Now I happen to really enjoy eating octopus. But I can't help but wonder if it's an ethically dubious proposition. The problem is that octopi are really, really smart. Dr. Jennifer Mather and Roland Anderson have done some interesting research on the surprising cognitive talents of these short-lived, utterly unsocial, yet rather cunning invertebrates. They've demonstrated, in a series of experiments and field studies, that octopi play with toys, have short and long-term memory, exhibit rudimentary tool use and have distinct, individual personalities. See here for a nice summary of their work.

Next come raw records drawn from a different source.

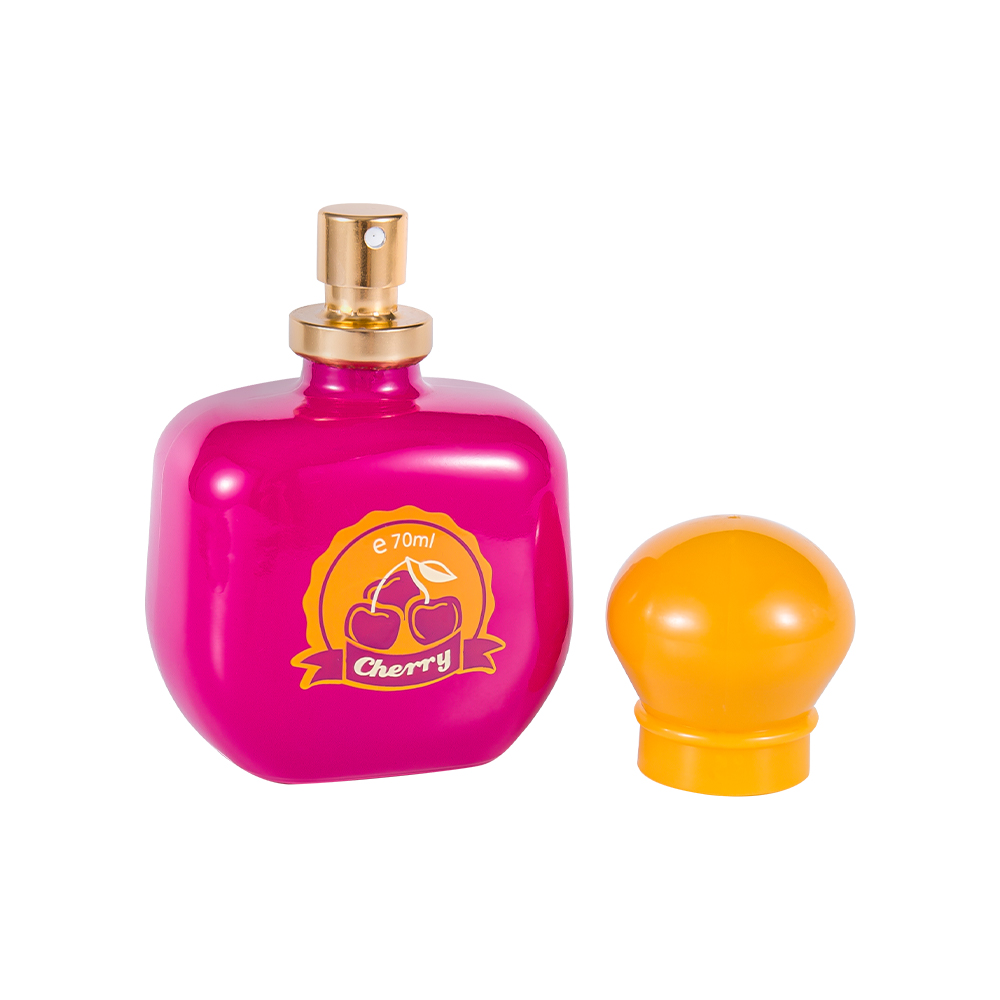 GC4050-751# Botella de perfume de vidrio nueva de 30 ml con tapa de PP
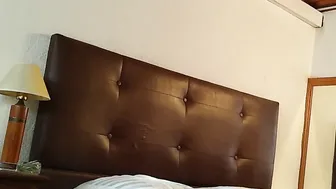 Mi vecina me recibe en su casa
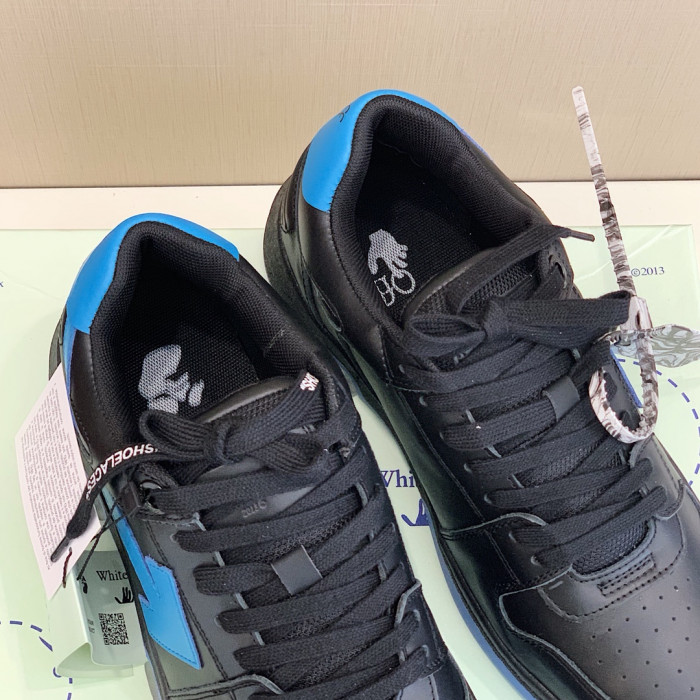 OFF WHITE™ C/O VIRGIL ABLOH OUT OF OFFICE LOW-TOP LEATHER SNEAKERS "OOO"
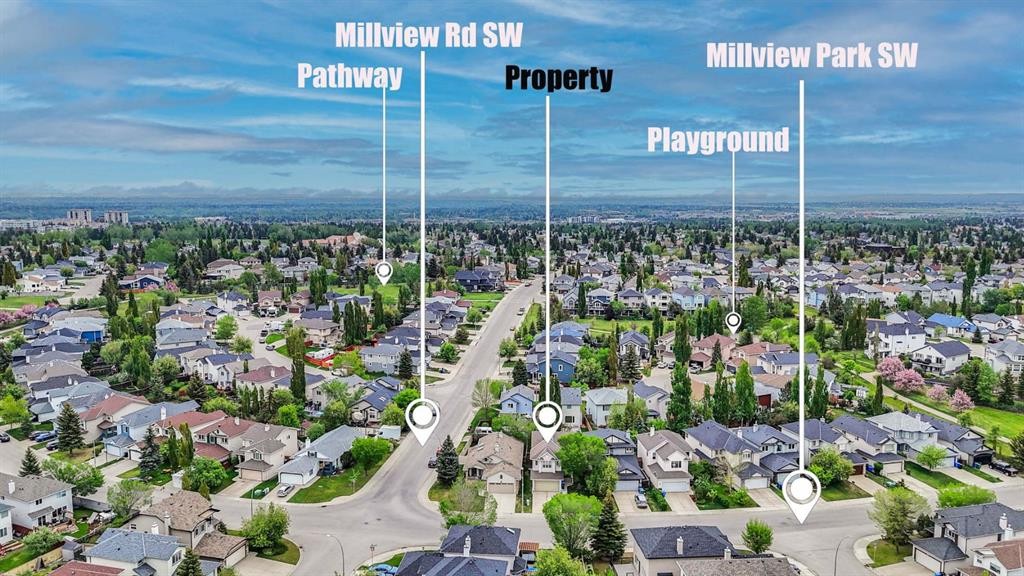 41 Millview Park Sw, Calgary, AB - Outdoor With View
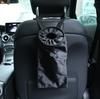 Silla colgante para coche transfronteriza bolsa de almacenamiento para artículos varios del respaldo bolsa de basura para coche cubo de basura plegable LOGOTIPO personalizable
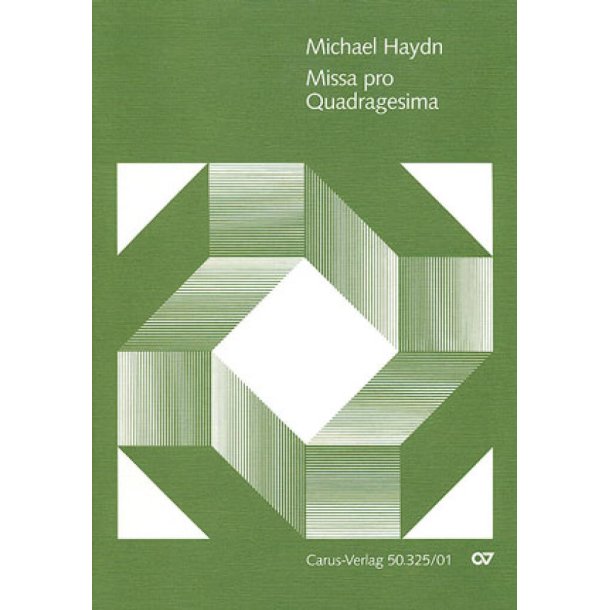 Missa pro Quadragesima : F-Dur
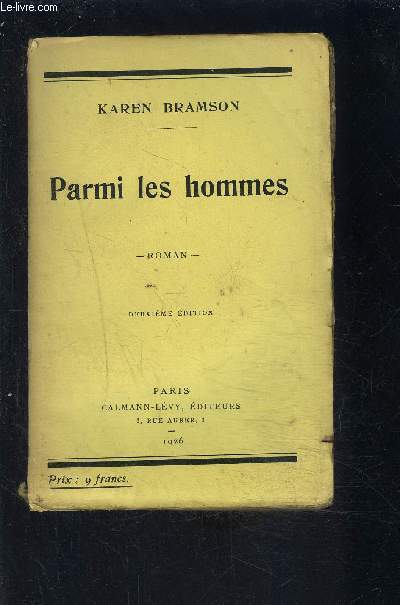 PARMI LES HOMMES
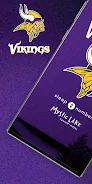 Schermata Minnesota Vikings Mobile 1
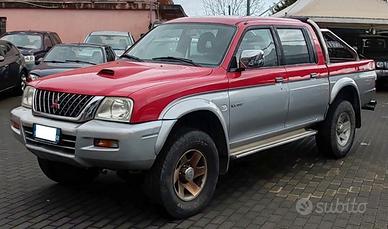 Mitsubishi L200 2.5TDI Doub Cab GLS -MOTORE NUOVO-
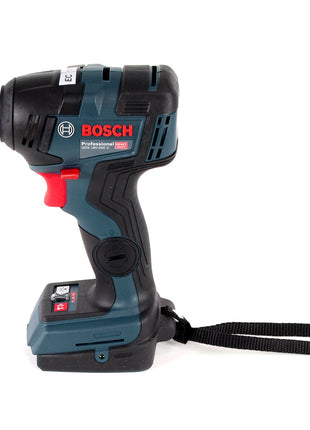 Bosch GDX 18 V-200 C Professional 18 V Li-Ion Akku Drehschlagschrauber + 2 x 2,0 Ah Akku + Lader + 32 tlg. Bit-Set + GCY 30-4 Bluetooth Connectivity Modul - Toolbrothers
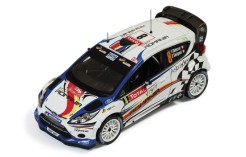 Ford Fiesta RS WRC #8 F. Delecour-D. Savignoni Rally Monte Carlo 2012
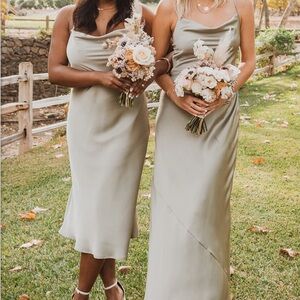 Tuscany Maxi Slip Dress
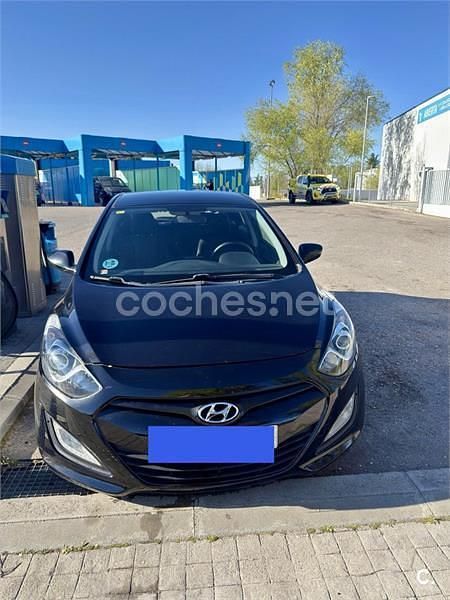 Brugt Hyundai i30 100 HK (73 kW) 2012 Sort Sedan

What do you think? Is it wrong to eat such an intelligent creature? I'm pretty certain that octopi are the smartest species I consume. While I like all farm animals, and I'm pretty disciplined about only eating humanely raised beef and poultry, I struggle to imagine a chicken or cow using tools. I thought David Foster Wallace, in his essay "Consider the Lobster," made a pretty compelling case that the ability of a creature to experience pain should alter the moral calculus of eating that creature. (That said, I still eat lobster every chance I get.) But shouldn't the intelligence of a creature be even more important? After all, intelligence correlates with so many other variables that are clearly relevant to the ethics of food. For starters, cognitive abilities often develop in tandem with personality. As Mather and Anderson point out, octopi exhibit a range of distinct yet consistent character traits. Some creatures are shy and withdrawn, others are aggressive and rambunctious. I find it disturbing to think that the tentacles I ate last night (and they were delicious) weren't just a mass of anonymous tentacles, but actually belonged to an introverted creature that liked to play with sea shells on the sea floor.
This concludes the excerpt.